Core Concepts
The foundational ideas behind TasteBrain: a shared embedding space, lightweight per-user models, living data, and grounded language.
The embedding space
TasteBrain is a transformer-based, multimodal model derived from Qwen-Omni and trained at scale on ~20M curated product images across ~7M products. The model fine-tunes attention layers and uses a custom projector to map per-token hidden states into two representations:
Multi-vector embedding
A structured 128-dimensional space where each dimension encodes an aesthetic axis — style, material, form factor, color palette, brand affinity. Per-token hidden states are projected individually, preserving fine-grained spatial and semantic detail.
Pooled embedding
A single vector summarizing the overall aesthetic signature. Used for fast approximate nearest-neighbor lookups, top-k candidate retrieval, and situations where a compact representation is sufficient.
This shared embedding space represents the global geometry of taste. Styles, brands, materials, form factors, and aesthetic signals form coherent regions. Proximity in this space means aesthetic similarity — regardless of whether the inputs are images, text, audio, or products.
Example
A user uploads a photo of a cafe interior with exposed brick and warm lighting. TasteBrain projects this image into the embedding space. Products that land in the same region — industrial pendant lamps, reclaimed wood furniture, ceramic mugs with matte glazes — are returned as results. The search crosses product categories, retailers, and price points because similarity is computed in aesthetic space, not catalog metadata.
Cross-modal queries
Because every modality is projected into the same 128-dimensional space, you can combine inputs freely:
- Image → products — "find me products that look like this"
- Text → products — "minimalist Scandinavian desk lamp"
- Image + text → products — "like this room, but in warm earth tones"

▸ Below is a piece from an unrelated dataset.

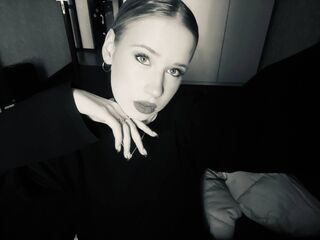 nude web cam SherieMcwayne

- Product → products — "more like this" from a product handle
- Audio → products — map sonic aesthetics to visual products
Multiple query inputs are combined in embedding space before retrieval, allowing nuanced multi-signal searches that no single modality could express alone.
Per-user taste models
On top of the shared embedding space, TasteBrain learns lightweight per-user models that identify each individual's personal taste manifold. These models capture:
- Attraction — regions of the embedding space the user gravitates toward
- Aversion — regions the user consistently rejects
- Drift — how the user's taste evolves over time
Crucially, per-user models do not retrain the backbone. They operate as learned offsets on top of the shared geometry, which means:
No fragmentation
Every user shares the same base model. The global geometry remains coherent regardless of how many users are active.
Real-time adaptation
Per-user models update from sentiment signals (likes, dislikes, saves) without offline retraining. Preferences take effect immediately.
Lightweight
Each user model is a small learned structure — not a copy of the backbone. This scales to millions of users.

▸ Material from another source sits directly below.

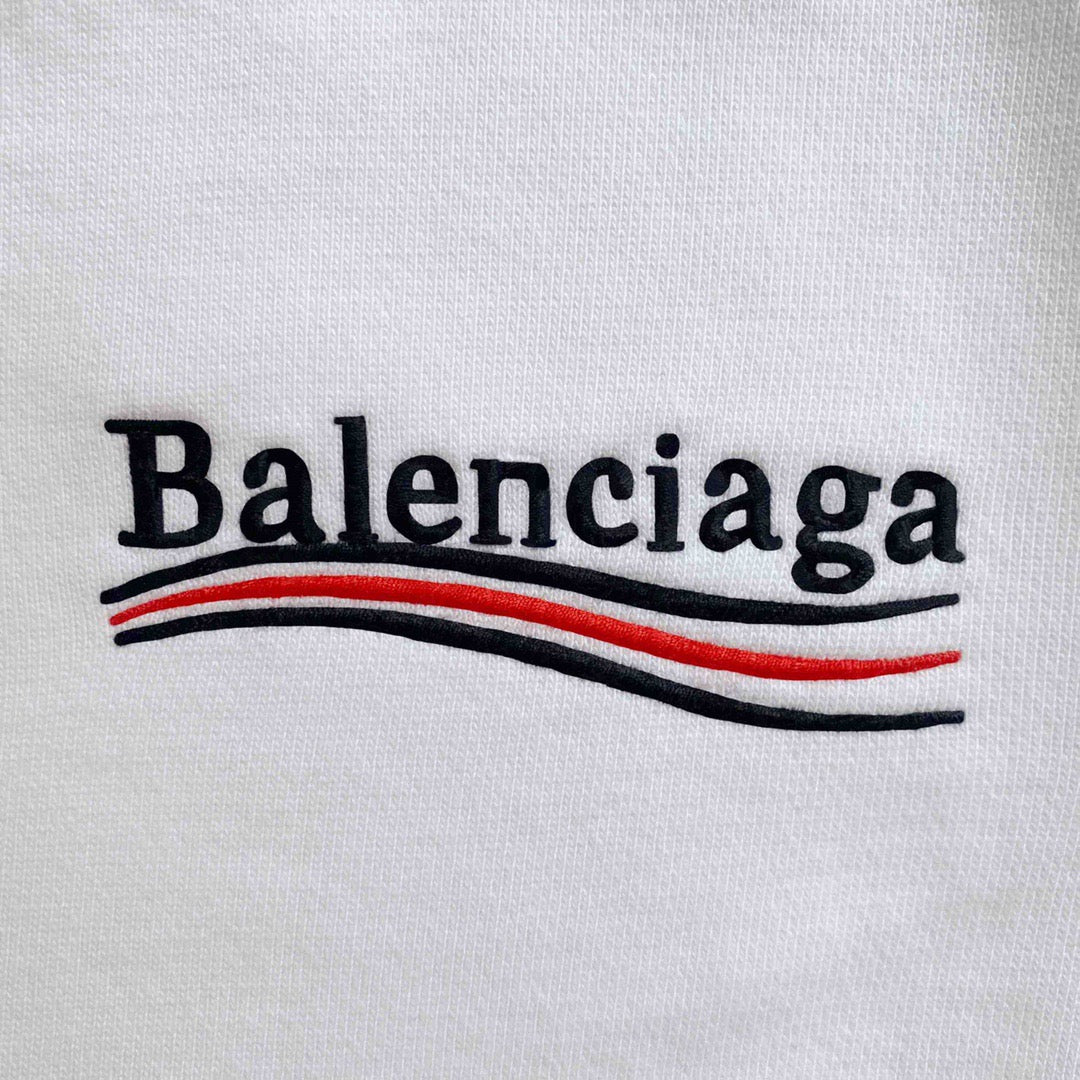 Ba1en*iaga Shorts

In the API, personalization is activated simply by passing a user_id to the Prism search endpoints. Without a user_id, results come from the shared space alone (equivalent to using the Shopkeep API).
Crawling infrastructure
The embedding space is only as useful as the data it covers. Bestomer operates proprietary crawling infrastructure with two key properties:
Weekly revisits
Every indexed retail domain is revisited weekly. This tracks catalog changes — new arrivals, discontinued items, price updates, seasonal rotations — so the product corpus stays current. Stale data degrades aesthetic relevance, so freshness is a first-class concern.
Cross-domain coverage
The system goes beyond retail products:
| Domain | What it enables |
|---|---|
| Products & brands | Core product search and brand matching across ~7M items |
| Restaurants | Map dining aesthetics to product preferences — atmosphere, plating, interior design |
| Music | Cross-modal mapping from sonic aesthetics to visual products |
| Reviews | Extract aesthetic language from natural-language opinions |
| Cultural sources | Art, architecture, fashion editorials, trend reports — the broader context that shapes taste |
This breadth is what allows taste to be modeled as a living, evolving system rather than a static product catalog. When a new design trend emerges in architecture, TasteBrain can connect it to products, restaurants, and music that share the same aesthetic signal — before anyone writes a tag or a label.
Sentiments
Sentiments are user reactions to products that train the per-user taste model. Each sentiment is a data point that adjusts the user's personal manifold:
Like
Positive aesthetic preference. Pulls the user's manifold toward this region.
Dislike
Negative signal. Pushes the manifold away from this region.
Want
Strong positive signal. Weighted more heavily than a like.
Have
Strongest signal. The user owns this — definitive taste evidence.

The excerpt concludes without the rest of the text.